Le Groupe Bin Ladin ressuscite la société africaine de raffinage (SAR)

Dans le cadre de la restructuration de la SAR, le directeur général de PETROSEN et le vice-président de PCMC, filiale du Groupe Saudi Bin Ladin ont procédé ce jeudi à la signature d’une part, d’un contrat de cessions d’actions de la SAR détenues par PETROSEN et d’autre par une autre signature d’une convention de partenariat entre Saudi Bin Ladin et l’Etat du Sénégal, pour la réalisation d’un programme d’extension et de modernisation de la SAR. La cérémonie qui a été co-présidée par les ministres Karim Wade et Samuel Sarr s’est déroulée dans les jardins de de la boîte de raffinage.

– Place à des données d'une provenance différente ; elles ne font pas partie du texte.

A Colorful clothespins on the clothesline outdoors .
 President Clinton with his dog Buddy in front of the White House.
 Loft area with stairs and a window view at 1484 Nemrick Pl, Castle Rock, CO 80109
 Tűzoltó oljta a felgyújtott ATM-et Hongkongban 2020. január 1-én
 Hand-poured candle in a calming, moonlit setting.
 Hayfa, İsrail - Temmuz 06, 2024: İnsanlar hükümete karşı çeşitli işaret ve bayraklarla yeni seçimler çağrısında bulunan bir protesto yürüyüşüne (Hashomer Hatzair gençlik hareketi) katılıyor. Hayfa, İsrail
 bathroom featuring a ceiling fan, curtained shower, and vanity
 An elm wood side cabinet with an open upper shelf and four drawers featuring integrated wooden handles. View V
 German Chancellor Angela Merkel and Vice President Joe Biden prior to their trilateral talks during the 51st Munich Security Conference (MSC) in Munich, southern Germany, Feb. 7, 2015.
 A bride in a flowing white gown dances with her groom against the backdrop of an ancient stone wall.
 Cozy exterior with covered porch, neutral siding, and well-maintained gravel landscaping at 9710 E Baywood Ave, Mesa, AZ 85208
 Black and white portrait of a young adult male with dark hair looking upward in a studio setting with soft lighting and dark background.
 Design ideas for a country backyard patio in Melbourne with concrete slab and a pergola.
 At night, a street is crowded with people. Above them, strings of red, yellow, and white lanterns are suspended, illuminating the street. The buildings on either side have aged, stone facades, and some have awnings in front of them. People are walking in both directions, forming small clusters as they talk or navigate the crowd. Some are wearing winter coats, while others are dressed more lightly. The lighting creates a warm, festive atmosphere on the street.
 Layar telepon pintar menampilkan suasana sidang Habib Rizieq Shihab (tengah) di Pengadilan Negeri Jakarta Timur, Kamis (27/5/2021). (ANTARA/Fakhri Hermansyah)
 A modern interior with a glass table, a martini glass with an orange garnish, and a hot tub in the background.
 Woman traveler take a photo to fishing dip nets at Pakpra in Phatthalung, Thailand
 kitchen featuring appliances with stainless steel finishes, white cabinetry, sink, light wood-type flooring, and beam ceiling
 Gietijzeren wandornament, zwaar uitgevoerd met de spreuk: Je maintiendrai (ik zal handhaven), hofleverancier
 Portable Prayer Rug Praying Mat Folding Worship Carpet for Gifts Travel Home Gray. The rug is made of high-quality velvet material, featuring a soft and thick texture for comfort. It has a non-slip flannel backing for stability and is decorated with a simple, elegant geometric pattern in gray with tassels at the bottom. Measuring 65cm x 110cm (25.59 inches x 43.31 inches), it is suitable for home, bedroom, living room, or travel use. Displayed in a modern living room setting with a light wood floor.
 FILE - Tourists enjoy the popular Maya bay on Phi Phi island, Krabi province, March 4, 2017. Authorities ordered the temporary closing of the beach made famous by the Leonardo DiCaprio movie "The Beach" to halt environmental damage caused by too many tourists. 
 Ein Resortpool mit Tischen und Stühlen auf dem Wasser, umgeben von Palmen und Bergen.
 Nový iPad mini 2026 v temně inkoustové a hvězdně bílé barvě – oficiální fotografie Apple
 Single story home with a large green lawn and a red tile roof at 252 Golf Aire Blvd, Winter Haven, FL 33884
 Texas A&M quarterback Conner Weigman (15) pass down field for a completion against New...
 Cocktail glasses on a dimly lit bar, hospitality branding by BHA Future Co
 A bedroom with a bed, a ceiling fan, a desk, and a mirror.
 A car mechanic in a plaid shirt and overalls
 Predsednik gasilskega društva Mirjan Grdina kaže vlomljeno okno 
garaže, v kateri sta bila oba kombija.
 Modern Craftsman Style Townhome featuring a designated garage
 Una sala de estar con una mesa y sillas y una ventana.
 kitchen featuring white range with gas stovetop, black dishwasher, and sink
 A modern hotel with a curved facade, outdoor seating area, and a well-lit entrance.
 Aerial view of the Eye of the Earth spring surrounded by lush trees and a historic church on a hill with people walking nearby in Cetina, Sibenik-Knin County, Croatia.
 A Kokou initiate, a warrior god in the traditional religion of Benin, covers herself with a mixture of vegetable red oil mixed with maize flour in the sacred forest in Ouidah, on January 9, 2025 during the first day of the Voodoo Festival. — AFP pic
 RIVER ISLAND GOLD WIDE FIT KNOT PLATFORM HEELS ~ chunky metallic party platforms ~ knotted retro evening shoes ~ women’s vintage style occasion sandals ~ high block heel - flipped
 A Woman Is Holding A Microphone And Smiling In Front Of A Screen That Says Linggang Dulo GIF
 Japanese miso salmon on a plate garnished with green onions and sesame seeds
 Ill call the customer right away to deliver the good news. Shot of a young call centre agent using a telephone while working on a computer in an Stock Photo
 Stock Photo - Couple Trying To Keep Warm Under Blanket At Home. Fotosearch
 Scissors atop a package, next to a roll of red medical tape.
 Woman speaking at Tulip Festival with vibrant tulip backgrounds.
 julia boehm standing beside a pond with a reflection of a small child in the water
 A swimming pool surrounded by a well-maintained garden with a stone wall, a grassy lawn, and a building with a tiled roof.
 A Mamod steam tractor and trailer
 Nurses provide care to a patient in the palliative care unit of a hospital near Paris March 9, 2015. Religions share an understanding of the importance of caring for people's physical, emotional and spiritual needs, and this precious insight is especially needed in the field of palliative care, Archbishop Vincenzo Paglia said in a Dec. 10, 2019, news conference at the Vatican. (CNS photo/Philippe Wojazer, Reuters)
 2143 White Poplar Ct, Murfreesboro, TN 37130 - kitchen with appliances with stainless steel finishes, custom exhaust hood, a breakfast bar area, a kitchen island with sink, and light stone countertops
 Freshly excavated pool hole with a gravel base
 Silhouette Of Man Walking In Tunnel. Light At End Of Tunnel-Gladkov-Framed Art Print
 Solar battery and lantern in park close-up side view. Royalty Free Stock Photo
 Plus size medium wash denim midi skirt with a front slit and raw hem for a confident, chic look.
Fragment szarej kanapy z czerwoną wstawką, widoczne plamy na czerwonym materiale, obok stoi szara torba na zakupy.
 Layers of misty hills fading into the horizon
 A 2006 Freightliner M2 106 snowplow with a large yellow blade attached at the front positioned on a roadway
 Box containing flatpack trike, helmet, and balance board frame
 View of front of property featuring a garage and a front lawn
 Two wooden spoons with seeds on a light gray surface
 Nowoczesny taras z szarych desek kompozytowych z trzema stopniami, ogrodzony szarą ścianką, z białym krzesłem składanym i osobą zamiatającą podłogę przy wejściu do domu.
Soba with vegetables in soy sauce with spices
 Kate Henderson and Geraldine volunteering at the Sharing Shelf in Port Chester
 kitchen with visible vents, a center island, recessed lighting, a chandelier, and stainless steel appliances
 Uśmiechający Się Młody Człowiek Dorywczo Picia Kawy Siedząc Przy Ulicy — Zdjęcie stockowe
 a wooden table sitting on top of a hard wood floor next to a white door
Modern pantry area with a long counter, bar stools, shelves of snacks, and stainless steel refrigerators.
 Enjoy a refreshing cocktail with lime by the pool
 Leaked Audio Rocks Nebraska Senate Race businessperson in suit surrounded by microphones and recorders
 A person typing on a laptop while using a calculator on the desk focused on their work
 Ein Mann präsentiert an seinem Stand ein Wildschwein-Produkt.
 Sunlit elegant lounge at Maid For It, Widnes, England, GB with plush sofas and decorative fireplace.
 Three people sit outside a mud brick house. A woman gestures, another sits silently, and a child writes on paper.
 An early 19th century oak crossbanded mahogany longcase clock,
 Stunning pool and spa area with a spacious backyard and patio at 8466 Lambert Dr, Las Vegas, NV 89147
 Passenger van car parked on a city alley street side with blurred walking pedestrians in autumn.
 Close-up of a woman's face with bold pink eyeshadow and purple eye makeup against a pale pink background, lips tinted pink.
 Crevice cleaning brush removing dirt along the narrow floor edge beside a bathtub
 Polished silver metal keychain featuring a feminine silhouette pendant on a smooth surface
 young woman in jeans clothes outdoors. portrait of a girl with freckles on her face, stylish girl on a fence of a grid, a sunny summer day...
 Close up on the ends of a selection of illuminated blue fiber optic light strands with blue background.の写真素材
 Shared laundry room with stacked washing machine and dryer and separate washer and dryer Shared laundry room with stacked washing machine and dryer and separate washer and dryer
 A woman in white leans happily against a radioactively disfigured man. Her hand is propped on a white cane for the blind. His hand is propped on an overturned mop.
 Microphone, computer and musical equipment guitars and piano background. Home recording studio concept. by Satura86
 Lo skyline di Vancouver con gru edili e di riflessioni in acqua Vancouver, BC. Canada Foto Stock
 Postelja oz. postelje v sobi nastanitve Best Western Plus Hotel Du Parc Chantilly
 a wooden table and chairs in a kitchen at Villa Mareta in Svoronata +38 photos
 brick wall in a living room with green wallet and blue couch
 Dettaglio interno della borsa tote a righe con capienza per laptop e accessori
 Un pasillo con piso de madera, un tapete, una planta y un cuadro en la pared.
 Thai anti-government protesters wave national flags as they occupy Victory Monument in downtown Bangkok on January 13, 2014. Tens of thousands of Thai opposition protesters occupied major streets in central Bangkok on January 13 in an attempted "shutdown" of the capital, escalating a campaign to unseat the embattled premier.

Le Groupe Bin Ladin ressuscite la société africaine de raffinage (SAR)
Ce jeudi a été cela de la renaissance pour la Société africaine de raffinage. En effet, après sa fermeture en 2006 et les différents efforts fournis pour l’Etat du Sénégal pour la relever, PCMC, filiale du Groupe Bin Ladin vient de s’engager avec l’Etat du Sénégal pour la réalisation d’un programme d’extension et de modernisation de la SAR.
Ainsi, pour 34 % des parts d’actions, ce groupe saoudien a injecté 7 milliards de francs CFA.
Pour le ministre d’Etat, ministre des infrastructures, de la coopération internationale, des transports aériens, ce partenariat privé-public marque la matérialisation d’un partenariat fécond et de séculaire entre les deux pays. Il estime qu’il a lieu de louer les efforts du gouvernement qui a pris d’importantes mesures qui ont notamment permis d’assurer le maintien des activités de raffinage.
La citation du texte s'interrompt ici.